Vendita di fabbricati da demolire, per gli atti pendenti si apre la strada dell’annullamento
Dopo il dietrofront della circolare 23/E gli uffici sono chiamati ad annullare in autotutela gli avvisi emessi in passato con contenziosi pendenti
Con la circolare 23/E/2020 del 29 luglio, l’agenzia delle Entrate ha finalmente fatto marcia indietro in merito al proprio orientamento sul tema della tassabilità delle cessioni di fabbricati da demolire.
Si ricorda che in base all’articolo 67, comma 1, lettera b), del Tuir (Dpr 917/1986), sono redditi diversi, in ogni caso, le plusvalenze realizzate a seguito di cessioni a titolo oneroso di terreni suscettibili di utilizzazione edificatoria secondo gli strumenti urbanistici vigenti al momento della cessione.
Nella prassi si verifica talvolta che fabbricati fatiscenti vengano venduti a soggetti che hanno l’intenzione di demolirli e ricostruirli. In tali casi, l’amministrazione finanziaria – sulla scorta dell’interpretazione fornita nella risoluzione 395/E/2008 - era solita riqualificare la cessione di fabbricato in cessione di terreno edificabile, atteso che l’intento reale delle parti sarebbe stato quello di trasferire la capacità edificatoria dell’area.

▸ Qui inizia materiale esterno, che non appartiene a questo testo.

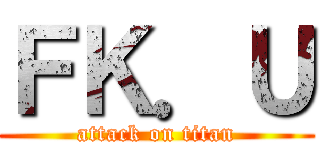 ＦＫ．Ｕ (attack on titan)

Con giurisprudenza pressoché unanime (salvo alcuni casi sporadici, come le sentenze 12294/2015 e 16983/2015), la Cassazione ha ripetutamente bocciato la tesi dell’agenzia delle Entrate, affermando che il Fisco non può procedere a tale riqualificazione, atteso che un terreno su cui insiste un fabbricato è da ritenersi già edificato e, quindi, non trova applicazione l’articolo 67 del Tuir. In altri termini, l’entità sostanziale del fabbricato non può essere mutata ai fini fiscali in terreno edificabile, sulla base di presunzioni derivate da elementi soggettivi interni alla sfera dei contraenti, la cui realizzazione, peraltro, è futura ed eventuale rispetto all’atto oggetto di tassazione (come nel caso di demolizione del fabbricato e successiva ricostruzione). Tra le più recenti sentenze che si sono espresse in questo senso si vedano le nn. 22409/2019, 16718/2019, 13276/20196, 9606/2019, 5088/2019, 23409/2018.
Il cambio di rotta
Adesso l’Agenzia accetta questi principi e ritiene superate le indicazioni contenute nella risoluzione 395/E/2008, invitando gli uffici locali a non proseguire i contenziosi pendenti.

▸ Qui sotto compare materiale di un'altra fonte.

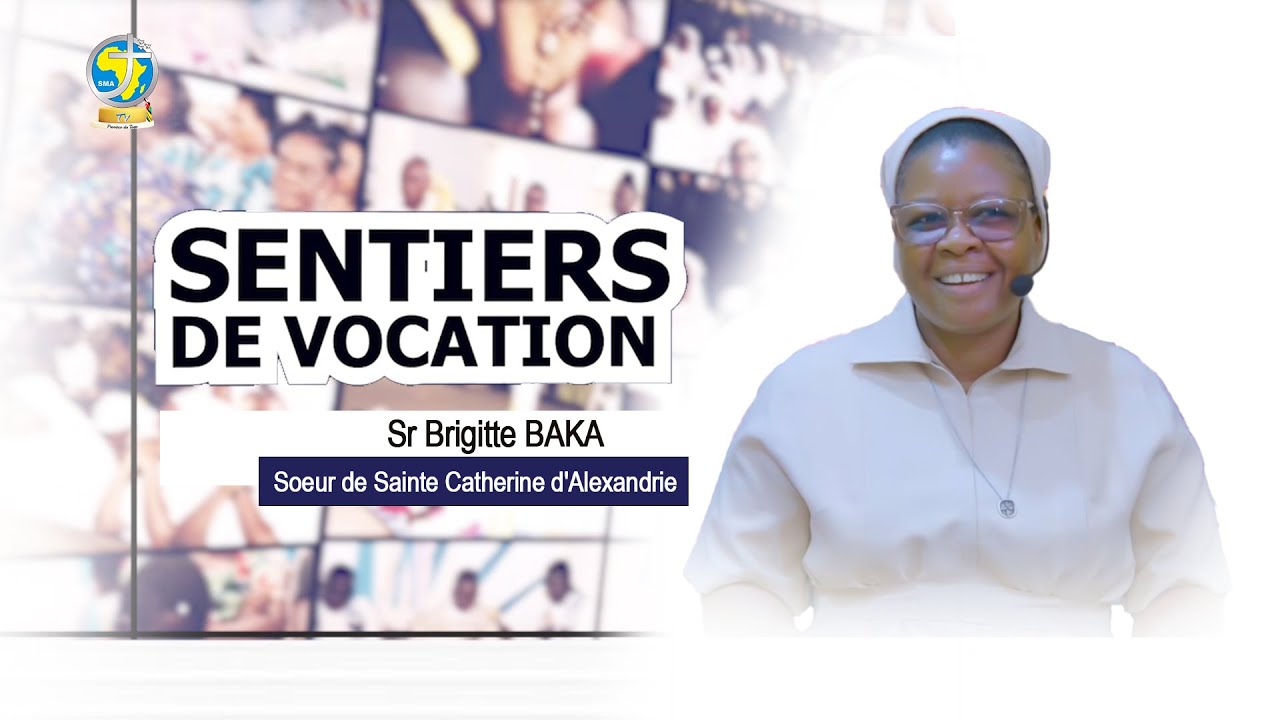 SENTIERS DE VOCATION avec la Sr Brigitte BAKA, Soeur de Sainte Catherine d'Alexandrie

Gli uffici sono pertanto chiamati ad annullare in autotutela tutti gli avvisi di accertamento emessi in passato su questo tema ed i cui contenziosi sono ancora pendenti davanti le Commissioni tributarie o la Cassazione.
L’annullamento dell’atto dovrà intervenire anche nelle ipotesi in cui l’Agenzia abbia ottenuto una vittoria provvisoria nel corso del contenzioso (fattispecie tutt’altro che infrequente, contandosi comunque diverse sentenze di merito che negli anni hanno confermato l’impostazione dell’agenzia delle Entrate; si veda da ultimo l’articolo sulla Ctr Campania 174/8/2020).
Nessun impatto se l’avviso non è stato impugnato
Nessuna retromarcia può invece essere fatta nelle ipotesi in cui l’avviso di accertamento non sia stato impugnato nei termini dal contribuente oppure nei casi in cui l’Agenzia ha ottenuto una sentenza favorevole passata in giudicato per mancata impugnazione. In questi casi, l’avviso di accertamento si è “consolidato” e il contribuente deve continuare a versare le somme ancora dovute mentre, se ha già versato tutto, non potrà chiedere il rimborso alla luce dei nuovi chiarimenti.
Il nodo della condanna alle spese
Da ultimo, si segnala che l’annullamento dell’atto in corso di giudizio dovrebbe condurre alla condanna dell’Agenzia a rimborsare le spese di lite che il contribuente ha dovuto affrontare per difendersi da una pretesa ingiusta (sul punto, si vedano, tra le tante, la sentenza di Cassazione 7273/2016 e l’ordinanza 8990/2019).